I’m a 2015 graduate from the University of Washington, with a Bachelor Degree in English with a Creative Writing Emphasis. I’m a huge nerd, enjoy binge-watching television, and suffer from extreme wanderlust. My real name is Sarah Gronostalski. This space here is for all my fanfiction endeavors, which I have much affection for and is what got me writing in the first place.
The Art of Fanfiction
Have you ever wondered what might’ve happened if you were a character in your favorite movie? Or wondered about different endings to a book? What if Princess Leia had been raised on Tatooine and Luke Skywalker by the Rebellion? Or, what if Harry Potter had been sorted into Slytherin not Gryffindor? There are a million ways to explore the narrative of an existing work. Your own deleted scenes, a change in relationship dynamics, a dramatic twist in the main plot, or what if everybody’s in high school?
Welcome to the world of Fanfiction.
Now, as a literary genre, fanfiction doesn’t have much of a reputation. Aside from the clear wish fulfillment fantasies it embodies, a large portion of the stories are posted online by young authors in its raw unedited form. The worst of the pieces are the ones drawn into the spotlight. Perhaps most infamous, “My Immortal” is considered by those who know it as the worst Harry Potter fanfiction ever written. It contains such lines as, “Suddenly and idea I had. I clozd my eyes and using my vampire powers I sent Drako and Vampire so they would destruct Snape.” It’s unclear whether the author, known by her pseudonym Tara Gilesbie, deliberately butchered English into unrecognizable mincemeat.
Some authors don’t much care for this idea, and don’t want their hard work reinvented by someone else.
“I recognize that it’s an act of love… I would rather they make up their own characters and their own stories and not just borrow my world. I know what they [the characters] would do and what they can’t do, and some fan writers take over them and make them do things to my mind that are wildly out of character.”
George RR Martin
He’s got a point. A large portion of fanfiction is simply devoted to the relationships that never happened. Not everyone will agree with all the stylistic choices an author made, having formed their own idea of the story in their heads as they enjoyed it. Person A should have gone with Person C –not B! And just like that fanfiction takes a turn for the scandalous.

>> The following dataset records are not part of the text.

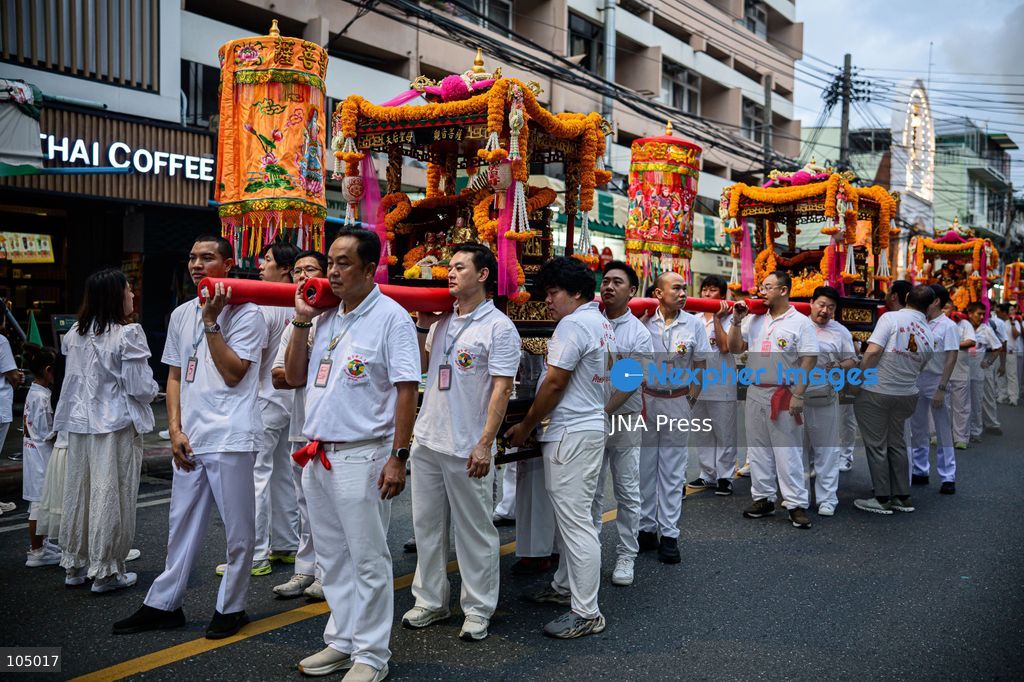 TOP PICS - BANGKOK, THAILAND, OCTOBER 11, 2026: Devotees and performers take part in the annual deity procession organized by the Tiger God Shrine in Bangkok. The celebration features Chinese religious traditions including a procession of deities, Yingge performances, lion dances and dragon dances, as worshippers gather to pay respects and seek blessings. According to the shrine's tradition, the annual observance commemorates the day Tua Lao Eia Kong attained spiritual enlightenment. Photo by Watsawat Koktabtim / JNA Press. (Photo by Watsawat "James" Koktabtim/JNA Press via Nexpher Images)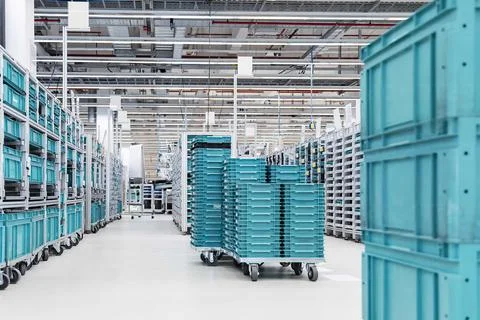 Empty warehouse interior with shelves, pallets, boxes and equipment Stock Photos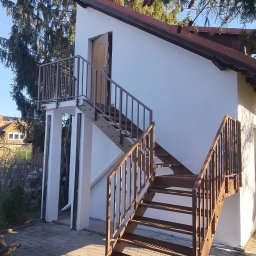 Binexus Michał Wojtaszuk - Zewnętrzne schody metalowe z balustradą prowadzące do drzwi na podwyższeniu, z widoczną konstrukcją wsporczą i otoczeniem z kostki brukowej.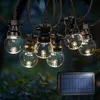 Image de SKYLANTERN® Guirlande Solaire Extérieur 10M Transparente + 3M de Câble - Guirlande Lumineuse Exterieure 10 Bulbes Transparents - Guirlande Guinguette Exterieur pour Deco Jardin Exterieur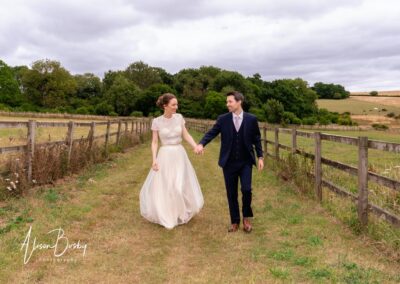 Sheepdrove Organic Farm in Berkshire. Bride and groom walk from Lake.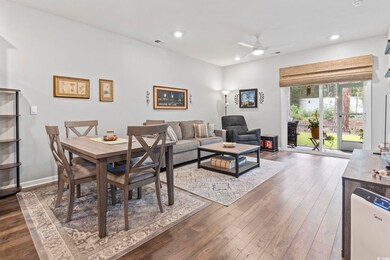 Dining space with ceiling fan, dark wood-type flooring, and recessed lighting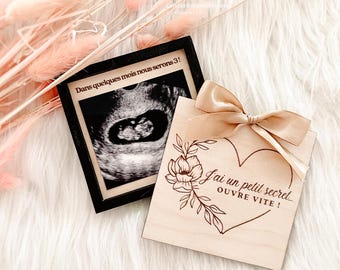 May include: A framed ultrasound image next to a wooden card with a heart design and a bow. The card has the text "I have a little secret, open quickly!" and floral accents. The frame reads "In a few months we will be 3!"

But it can also be critical and highly creative. Let’s switch the gender roles of all the characters and see what happens to the plot or just because it’ll make a statement about gender equality in society. The Lord of the Rings has only a handful of female characters; lets switch that up and see what happens. Like that Star Wars idea, where Luke and Leia trade upbringings from the beginning of this thought. Does she get to become the Jedi now? Why or why not?
Some authors, like J.K. Rowling, don’t mind fanfiction. In fact, Joss Whedon encourages it.
“I love it I absolutely love it. I wish I had grown up in the era of fanfiction, because I was living those shows and those movies that I loved and I would put on the score to ‘Superman’ and just relive the movie over and over.”
Fanfiction can also create something fun and original when it combines two different source materials. Tossing Sherlock Holmes into Hogwarts introduces logic to a magical world. Now we can use his skills of deduction to imagine how magic works, how it gets passed on, how people become stronger than others. It turns into something incredible in the combination.
Sir Arthur Conan Doyle was another who didn’t mind Fanfiction. “You may marry him, murder him, or do anything you like to him,” he reportedly said to William Gillette, an American actor who wanted to change a Sherlock Holmes script that Doyle wrote.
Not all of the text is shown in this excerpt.